Antes de embarcarse, de saber navegar incluso, ya se había dedicado a viajar y a contar historias. En 1973 recorrió América Latina como mochilero, pasó un tiempo en México y se compró el barco recién en 1978, en Canadá. El Charrúa mide 8 metros de eslora, 2.20 de manga y 1,20 de calado. En el viaje inaugural —Canadá-Uruguay— Rejduch tuvo que aprender algo que no sabía: navegar. "El barco tiene lo elemental", describe, "soy navegante de los antiguos, con sextante, cuanto más cerca de romper el cordón umbilical mejor". Ahora, de España, volvió con un sistema GPS —localización satelital—. Tampoco es cuestión de negarse al progreso y la seguridad porque sí.
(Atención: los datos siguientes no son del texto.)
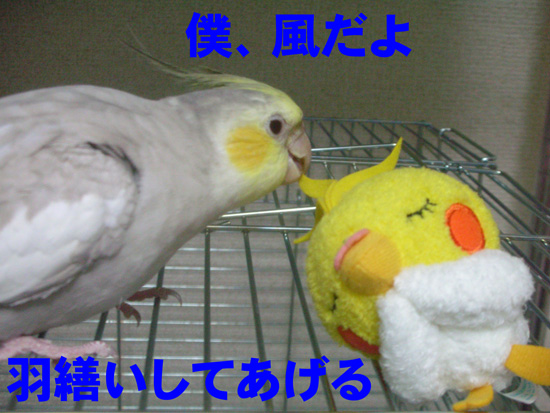 おっ、優しいじゃん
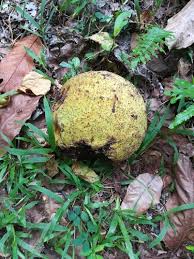 Image result for Treculia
En este tiempo Rejduch afirmó su personalidad nómade. El se ve como un indio de los mares, un ciudadano de los océanos del mundo que es local en Vanuatu o en Barcelona, en Toronto y en las Maldivas, que se maneja a sus anchas en el Mar Rojo, en el de los Sargazos o en el Río de la Plata.
El libro que quiere ver publicado en Montevideo
"Todo empezó por casualidad, como si fuera un cuento. El velero estaba bajo un montón de nieve, cubierto con un toldo roto. No sé cómo repare en él; parecía abandonado. Le pinté unos ojitos (como hacían los griegos) y cuando él pestañeó le pregunté: ¿Me llevas a cruzar el Atlántico? Dos meses más tarde, desde el muelle mi madre nos miraba alejarnos".
Así fabula Eduardo Rejduch cómo conoció al Charrúa.
Su libro "Hasta donde me lleve el viento" fue publicado en España hace dos años, por la editorial Juventud. "Vendí los derechos para todo el mundo excepto para Uruguay, quiero editarlo acá", dijo, "son casi 20 años de anécdotas, historias y leyendas", explica.
Había escrito artículos titulados Cuentos del Charrúa que se publicaron en revistas náuticas de España y Argentina, Bitácora y Barcos, pero no fue la mejor experiencia.
"El director de una prestigiosa revista de viajes me dijo que mis artículos tenían humor pero eran demasiado ‘subversivos’, y que tenía que escribir para alguien que se sienta con un buen whisky frente a la estufa en su lujosa residencia, con el perro a sus pies (creo que hasta me dijo un San Bernardo). Después de que unos artículos fueran corregidos con tijera y de que sólo dejaran la descripción de un paisaje y el truco para orinar sin sacarte el pantalón del chubasquero, me di cuenta que estaba vendiendo mi alma al diablo".
Un Salgari uruguayo
Piratas en el Mar Rojo, encuentros con ballenas y caníbales, huracanes en Vanuatu y el reino de Tonga. Las aventuras de Rejduch parecen extraídas de las páginas de Emilio Salgari.
Sin embargo, sus afanes de navegante solitario fueron desafiados por Claudia, una secretaria argentina en la embajada uruguaya en Sudáfrica. Por un tiempo, ella se convirtió en compañera de vida y viaje. Rejduch la llevó a las islas Galápagos y la convirtió en la primera argentina en pisar la isla de Santa Elena, esa piedra perdida en el Atlántico conocida por haber sido la última prisión de Napoleón.